- [Extracted information]:
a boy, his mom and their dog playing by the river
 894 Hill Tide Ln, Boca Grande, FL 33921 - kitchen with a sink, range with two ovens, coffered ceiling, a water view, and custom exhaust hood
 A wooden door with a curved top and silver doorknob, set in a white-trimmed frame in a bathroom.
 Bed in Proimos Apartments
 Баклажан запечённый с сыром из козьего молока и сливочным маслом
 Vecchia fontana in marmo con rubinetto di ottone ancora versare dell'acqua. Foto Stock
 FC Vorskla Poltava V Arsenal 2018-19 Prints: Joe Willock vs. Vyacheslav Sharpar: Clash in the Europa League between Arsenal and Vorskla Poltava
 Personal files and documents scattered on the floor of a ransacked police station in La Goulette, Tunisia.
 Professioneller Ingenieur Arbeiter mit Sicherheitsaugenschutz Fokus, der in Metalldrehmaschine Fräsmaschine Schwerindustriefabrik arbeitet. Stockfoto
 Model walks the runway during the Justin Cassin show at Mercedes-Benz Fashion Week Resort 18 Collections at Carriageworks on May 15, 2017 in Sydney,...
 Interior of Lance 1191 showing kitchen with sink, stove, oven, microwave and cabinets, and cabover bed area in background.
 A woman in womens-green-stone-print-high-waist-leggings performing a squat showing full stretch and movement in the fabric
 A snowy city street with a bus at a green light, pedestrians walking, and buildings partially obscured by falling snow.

- [Goal of the exercise]: Repeat exactly the lines above, starting with the first line of the records and finishing with the line holding "Model walks the". Add no other line.

- [Reply to the exercise]:
a boy, his mom and their dog playing by the river
 894 Hill Tide Ln, Boca Grande, FL 33921 - kitchen with a sink, range with two ovens, coffered ceiling, a water view, and custom exhaust hood
 A wooden door with a curved top and silver doorknob, set in a white-trimmed frame in a bathroom.
 Bed in Proimos Apartments
 Баклажан запечённый с сыром из козьего молока и сливочным маслом
 Vecchia fontana in marmo con rubinetto di ottone ancora versare dell'acqua. Foto Stock
 FC Vorskla Poltava V Arsenal 2018-19 Prints: Joe Willock vs. Vyacheslav Sharpar: Clash in the Europa League between Arsenal and Vorskla Poltava
 Personal files and documents scattered on the floor of a ransacked police station in La Goulette, Tunisia.
 Professioneller Ingenieur Arbeiter mit Sicherheitsaugenschutz Fokus, der in Metalldrehmaschine Fräsmaschine Schwerindustriefabrik arbeitet. Stockfoto
 Model walks the runway during the Justin Cassin show at Mercedes-Benz Fashion Week Resort 18 Collections at Carriageworks on May 15, 2017 in Sydney,...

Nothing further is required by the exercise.